Want to learn useful nonlinear representations of your tabular data? Don't have time to mess with autoencoders? This library aims to simplify your life.

Currently under development.

Installation

We highly recommend using a virtual environment to install! This software has only been tested using python 3.6.

The bare-bones requirements are installed automatically by pip. You may also want to install jupyter and matplotlib to run notebooks and the ipynb logger, but these are not requirements to install.

Install using:

pip install dfencoder



Or, you can get the latest version by cloning this repository and installing from the home directory:

pip install .



Usage

Thorough documntation is still being written, but the demo notebook is available to show some of the features of this library.

Running the tests

The adult.csv dataset is used in the testing script. Make sure the file (found in the root of this repo) is in the same directory as test.py when you run the script.

Contributing

Contributors are welcomed! Please reach out with PRs.

Feature Requests and Bugs

We'd like to release a stable version soon, so in the meantime please submit feature requests and bug reports on this repository's issues page.
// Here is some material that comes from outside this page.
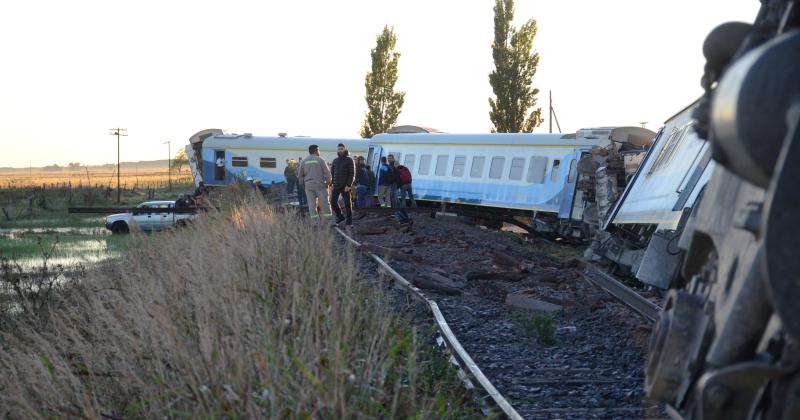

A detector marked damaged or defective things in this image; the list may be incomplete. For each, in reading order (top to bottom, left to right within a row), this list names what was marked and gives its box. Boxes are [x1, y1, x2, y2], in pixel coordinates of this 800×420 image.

bent rail [332, 226, 524, 420]
damaged railway track [340, 213, 664, 420]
Thanks for your interest in this project!

Dataframe Encoding

dfencoder does some manipulation to encode features to feed into the feed-forward MLP. This HLD hopefully clears up how this looks. HLD for how inputs are encoded by dfencoder

Features

This library is a personal project so progress is slow. The latest release as of this writing is v0.0.37 which introduces "inference mode" that optimizes inference for single records, on json inputs.

Previous Releases:

v0.0.36 which introduces handling for timestamp data; will use cyclical encoding to encode time of day, day of week, day of month, day of year, as well as the raw timestamp scaled as a numeric feature to encode raw linear time.

Pre-process your timestamp columns by using pandas: pd.to_datetime() so dfencoder can infer the datatype and handle it accordingly.